[examples] Add trainer support for question-answering #4829

patil-suraj · 2020-06-07T04:57:50Z

This PR adds trainer support for question-answering task. Regarding issue #4784

TODOs

Add automatic data loading. Right now it requires the user to specify data directory. Decided not to use tfds because I think it will be soon replaced by nlp here
Add evaluation
Test all models.

codecov · 2020-06-07T05:04:02Z

Codecov Report

Merging #4829 into master will increase coverage by 1.00%.
The diff coverage is 49.41%.

@@            Coverage Diff             @@
##           master    #4829      +/-   ##
==========================================
+ Coverage   76.84%   77.84%   +1.00%     
==========================================
  Files         141      142       +1     
  Lines       24685    24768      +83     
==========================================
+ Hits        18969    19281     +312     
+ Misses       5716     5487     -229

Impacted Files	Coverage Δ
src/transformers/data/datasets/squad.py	`47.56% <47.56%> (ø)`
src/transformers/__init__.py	`99.22% <100.00%> (ø)`
src/transformers/data/datasets/__init__.py	`100.00% <100.00%> (ø)`
src/transformers/modeling_tf_openai.py	`20.78% <0.00%> (-74.20%)`	⬇️
src/transformers/modeling_tf_bert.py	`73.37% <0.00%> (-25.00%)`	⬇️
src/transformers/modeling_openai.py	`79.72% <0.00%> (-1.38%)`	⬇️
src/transformers/generation_tf_utils.py	`86.21% <0.00%> (+1.00%)`	⬆️
src/transformers/modeling_tf_electra.py	`95.38% <0.00%> (+68.46%)`	⬆️
src/transformers/modeling_tf_mobilebert.py	`96.72% <0.00%> (+73.10%)`	⬆️

Continue to review full report at Codecov.
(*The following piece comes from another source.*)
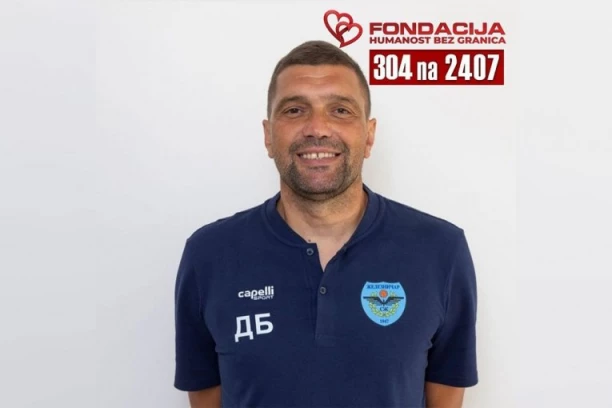 Pomozimo Darku slanjem 304 na 2407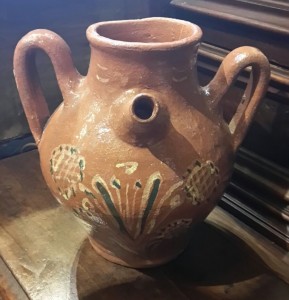 Brocca da vino in terracotta dipinta XIX secolo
Legend - Click here to learn more
Δ = absolute <relative> (impact), ø = not affected, ? = missing data
Powered by Codecov. Last update d2a9399...5497ae6. Read the comment docs.

patrickvonplaten · 2020-06-07T12:14:55Z

Hi @patil-suraj,

I think @julien-c can answer questions regarding the Trainer better :-)

examples/question-answering/run_squad_trainer.py

julien-c · 2020-06-15T15:15:30Z

src/transformers/data/data_collator.py

+        for key in keys:
+            inputs[key] = torch.stack([example[key] for example in batch])
+
+        return inputs


pretty clean implementation of data collator. cc @sgugger

Yes, quick question though, why does the default not work here?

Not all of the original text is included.